Exercise description:
In this exercise, return only the lines that run from the line with "Vintage Matchbox Ford" to the end of the entries below, both included. Pictures are not copied.

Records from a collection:
⟨

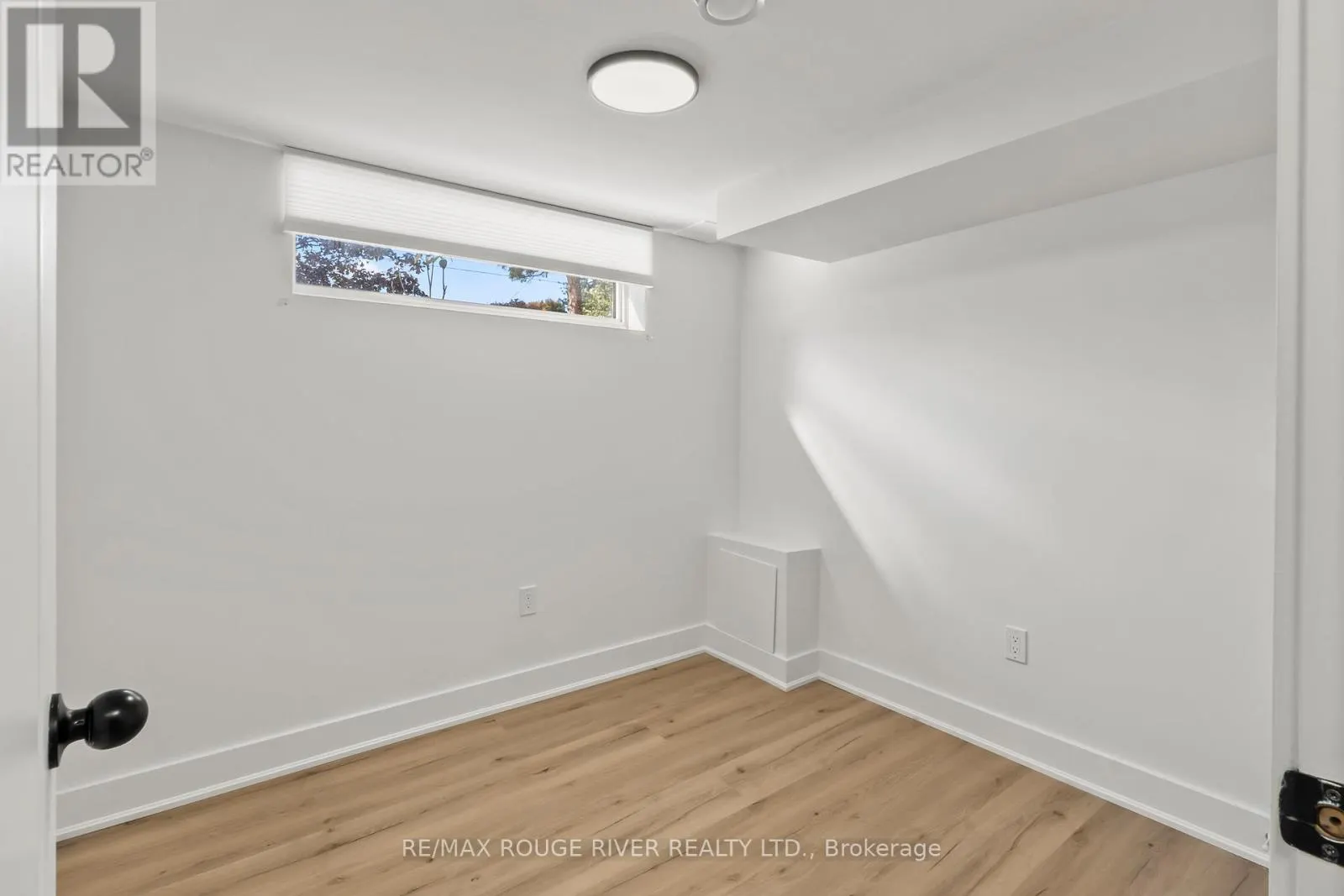 745 GLENGROVE STREET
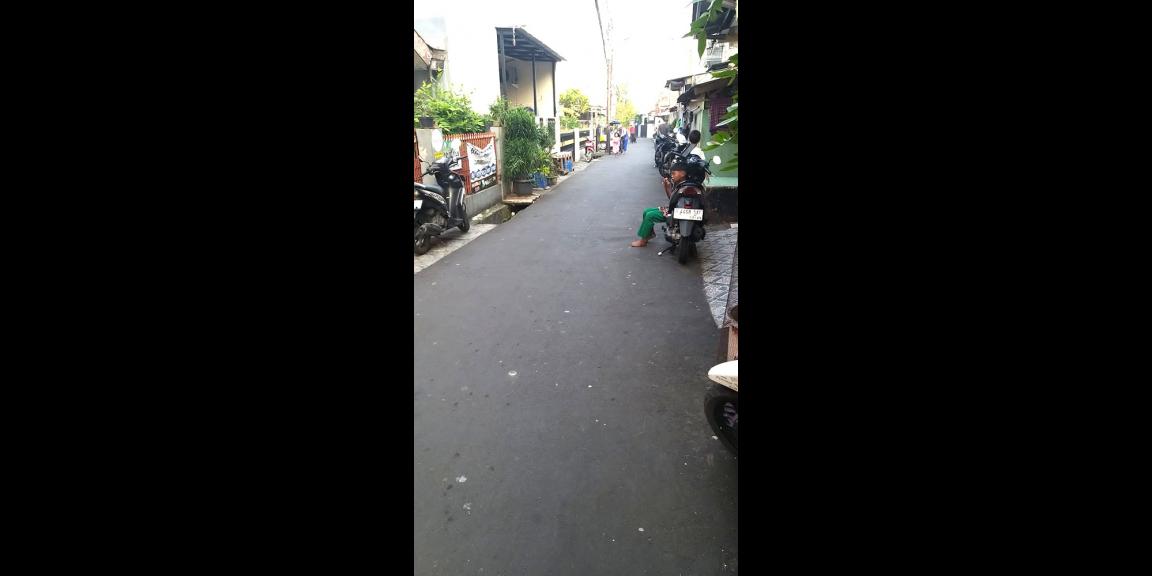 RUMAH HITUNG TANAH LUAS 350 M2 DI SAYAP JL. KH. ABD. SYAFEI DEKAT STASIUN TEBET JAKARTA SELATAN RUMAH HITUNG TANAH LUAS 350 M2 DI SAYAP JL. KH. ABD. SYAFEI DEKAT STASIUN TEBET JAKARTA SELATAN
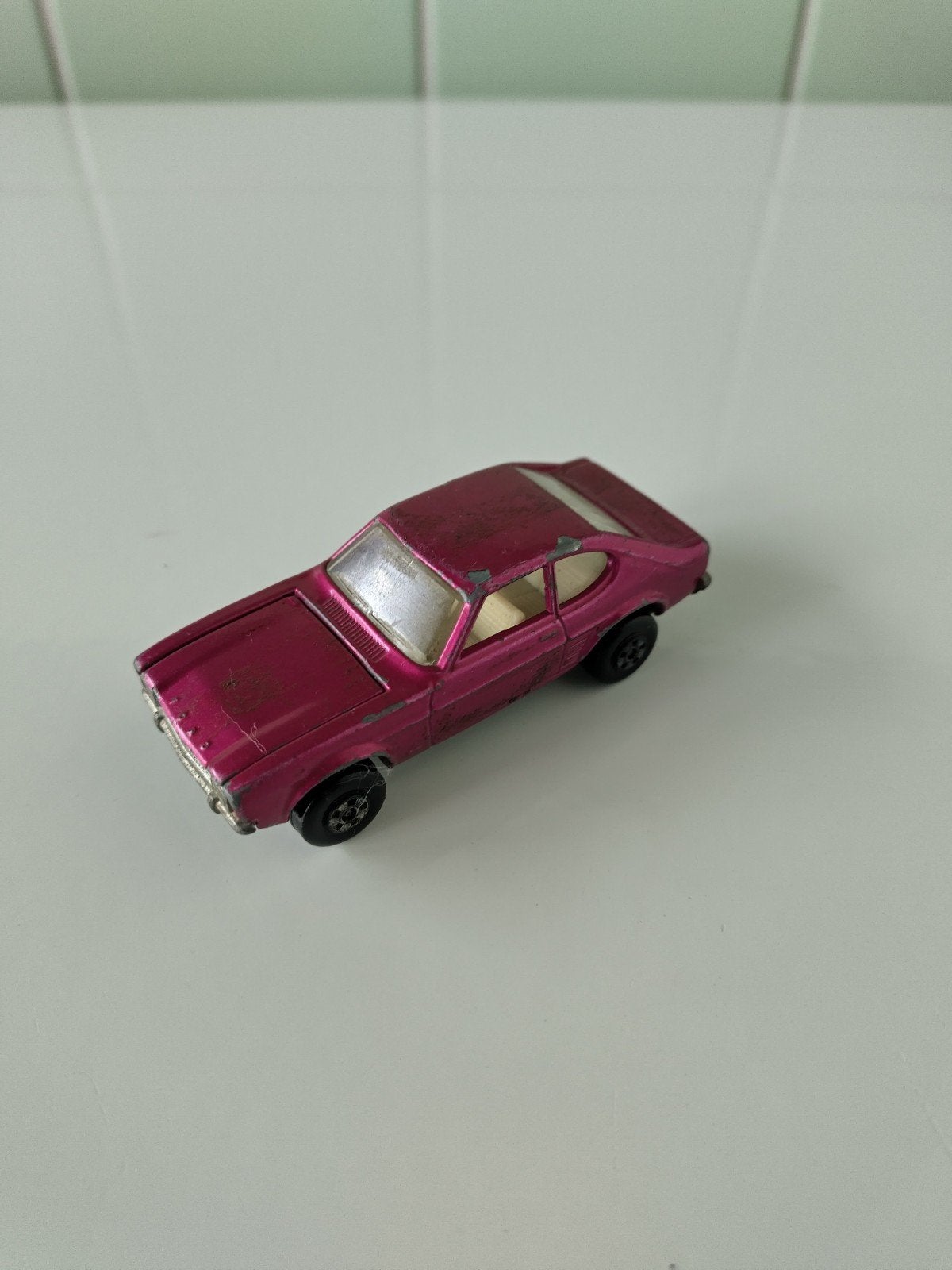 Vintage Matchbox Ford Capri AFHALING LEES BESCHRIJVING, Enlèvement, Utilisé, Voiture, Lesney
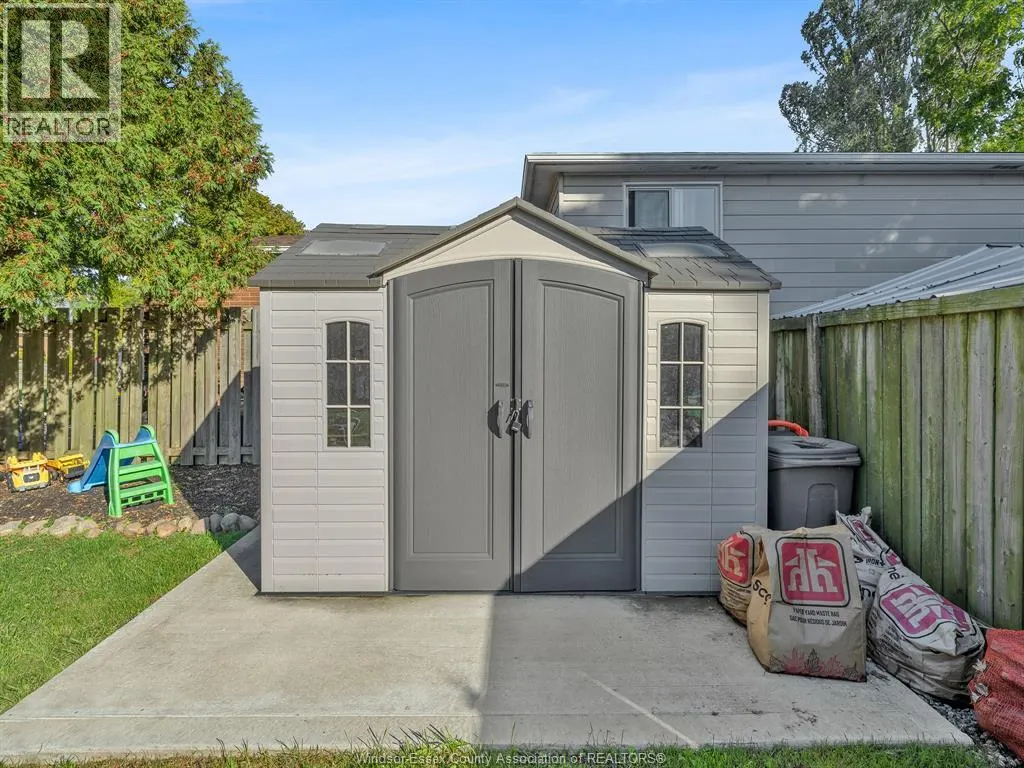 129 LANSDOWNE AVENUE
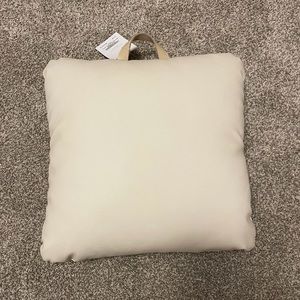 Gathre Blanc Floor cushion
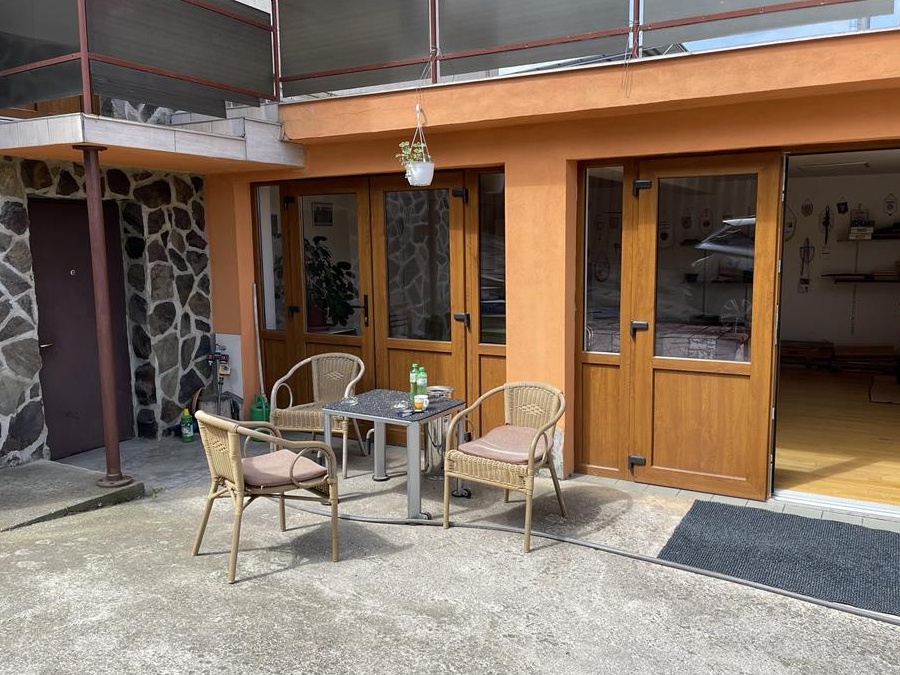 Casa+teren de vânzare Gruia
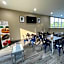 Quality Inn & Suites Elgin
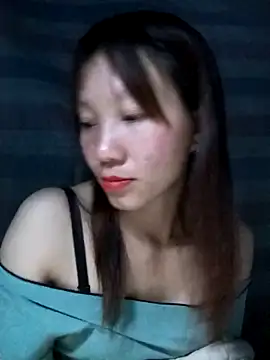 Snapshot of bonnie-00 chatting on 04/29/26, 02:54 bonnie-00 online show from 04/29/26, 02:54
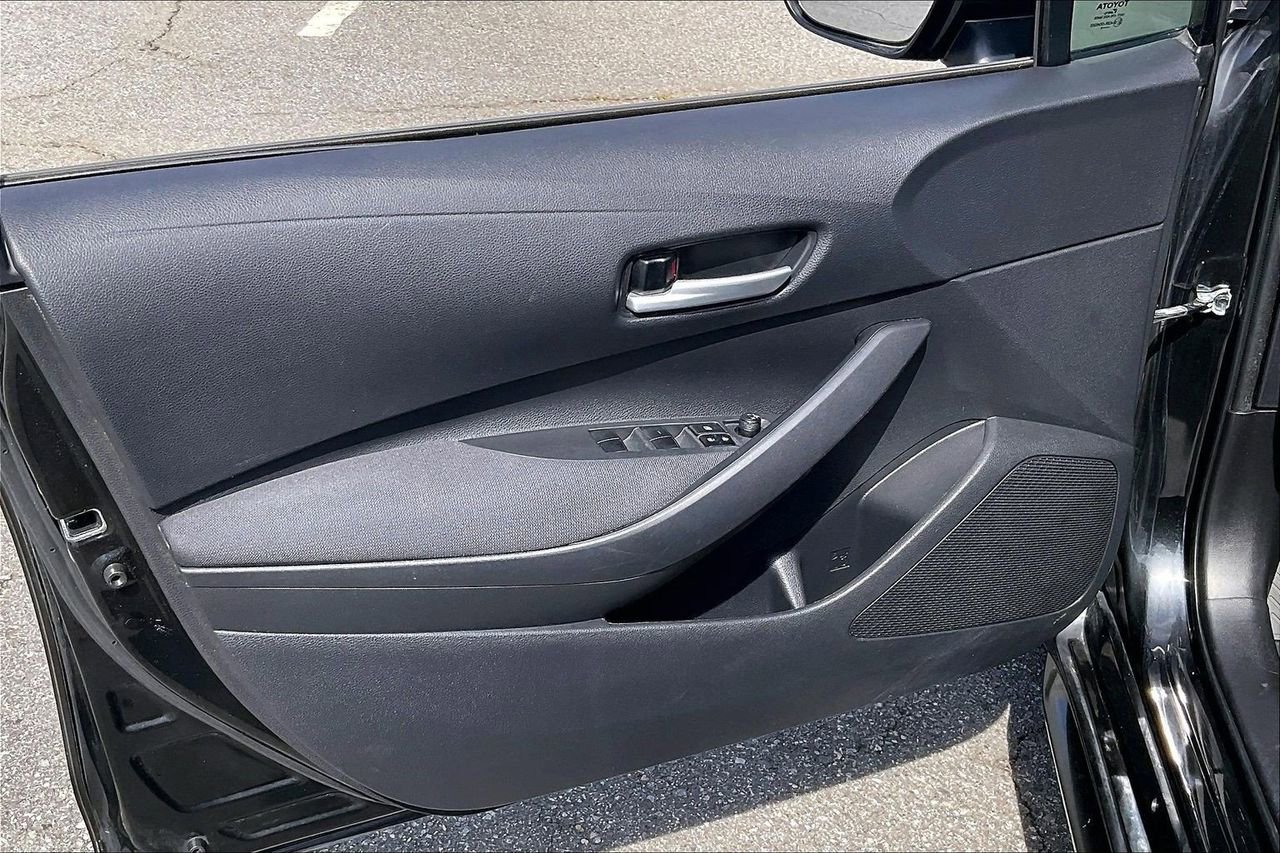 Used 2020 Toyota Corolla LE image 25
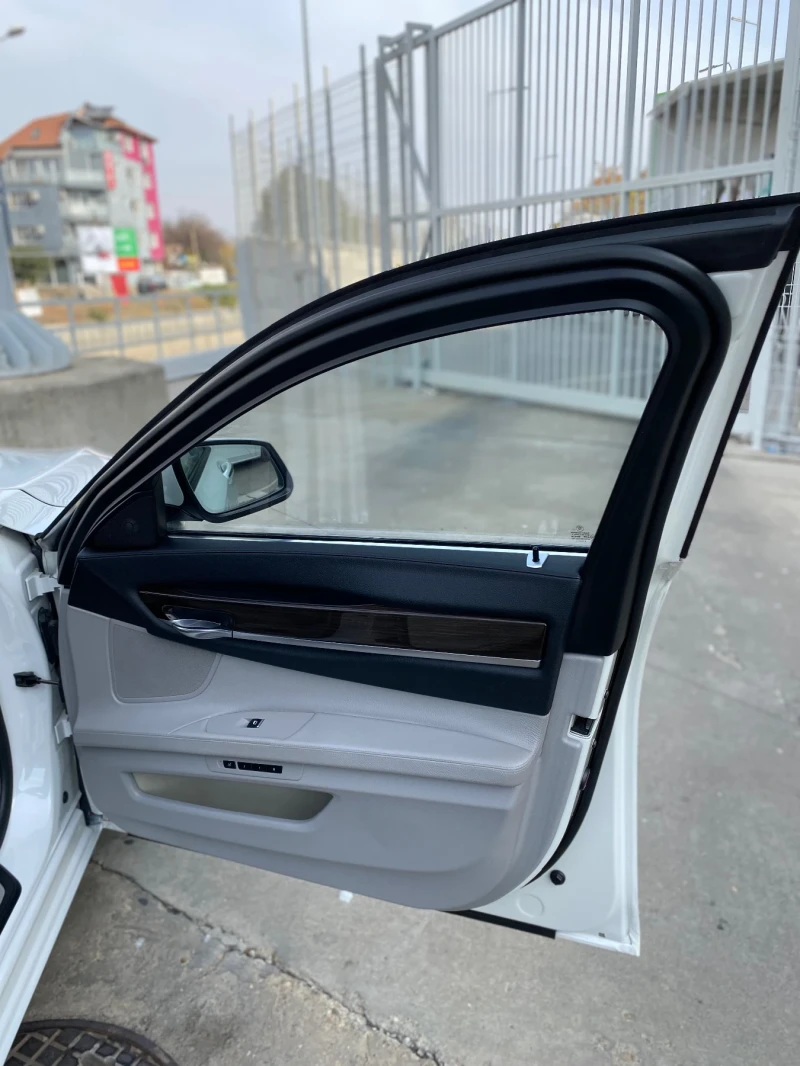 BMW 730, снимка 3 - Автомобили и джипове - 52515407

⟩

Solution to this exercise:
 Vintage Matchbox Ford Capri AFHALING LEES BESCHRIJVING, Enlèvement, Utilisé, Voiture, Lesney
 129 LANSDOWNE AVENUE
 Gathre Blanc Floor cushion
 Casa+teren de vânzare Gruia
 Quality Inn & Suites Elgin
 Snapshot of bonnie-00 chatting on 04/29/26, 02:54 bonnie-00 online show from 04/29/26, 02:54
 Used 2020 Toyota Corolla LE image 25
 BMW 730, снимка 3 - Автомобили и джипове - 52515407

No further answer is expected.